YOUR GOAL » Go through the data below and repeat it exactly, skipping each picture.

DATASET CONTENT »

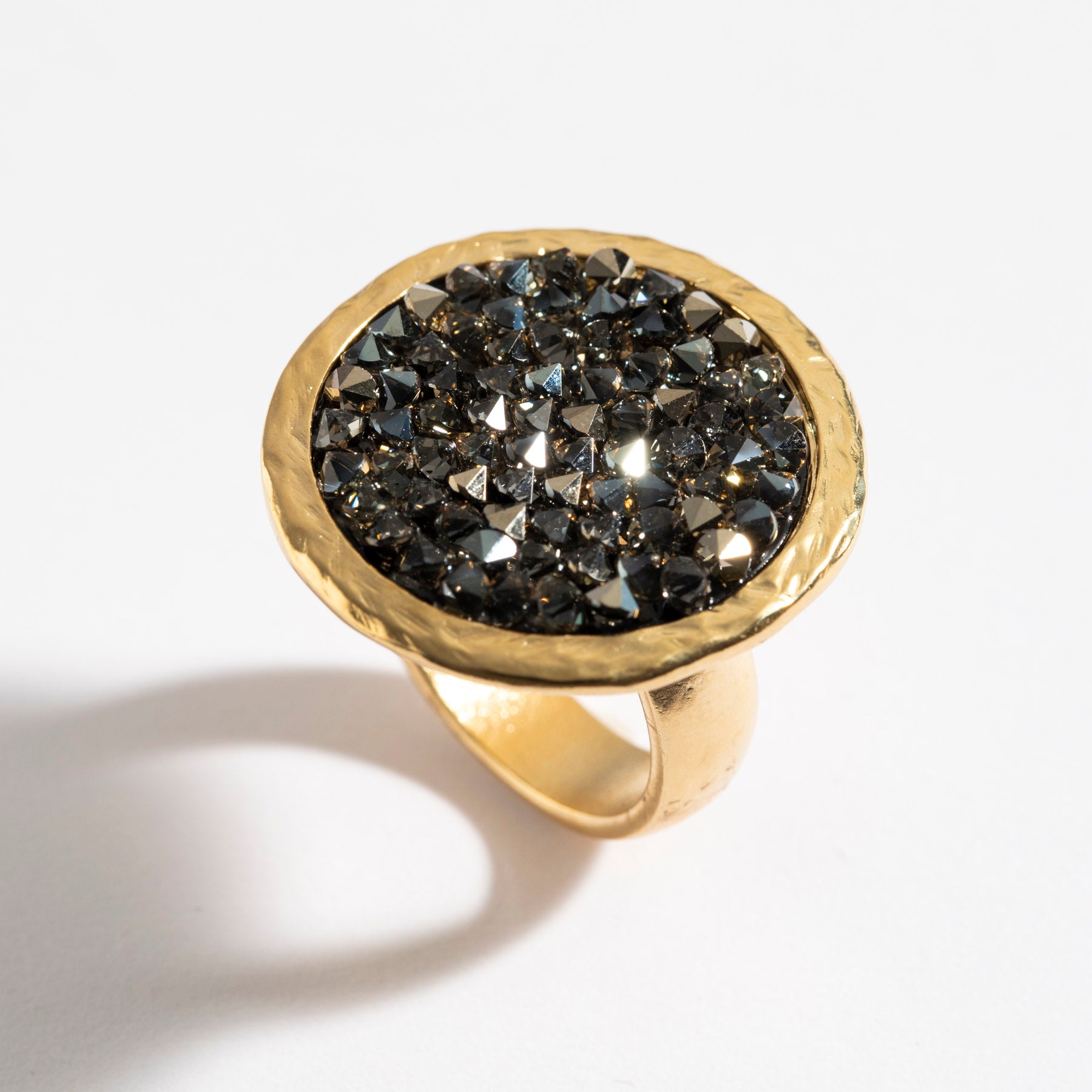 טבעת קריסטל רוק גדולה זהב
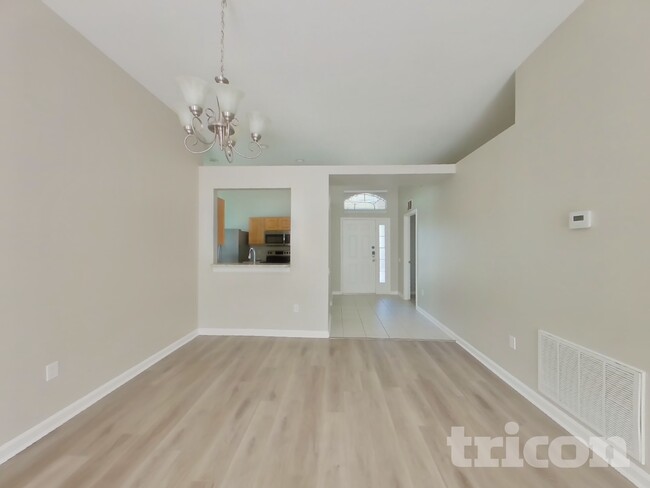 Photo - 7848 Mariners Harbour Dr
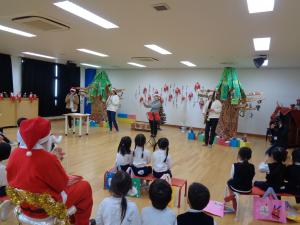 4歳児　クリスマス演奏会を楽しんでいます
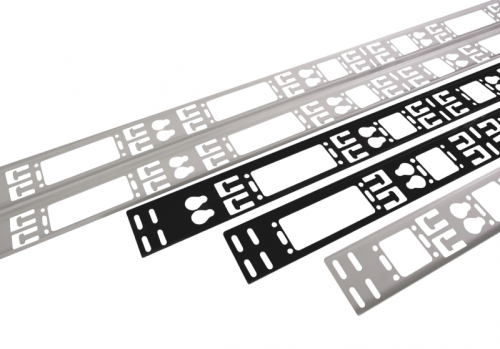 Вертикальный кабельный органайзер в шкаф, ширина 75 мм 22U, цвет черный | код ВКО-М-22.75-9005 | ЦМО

OUTPUT FOR THIS TASK »
 טבעת קריסטל רוק גדולה זהב
 Photo - 7848 Mariners Harbour Dr
 4歳児　クリスマス演奏会を楽しんでいます
 Вертикальный кабельный органайзер в шкаф, ширина 75 мм 22U, цвет черный | код ВКО-М-22.75-9005 | ЦМО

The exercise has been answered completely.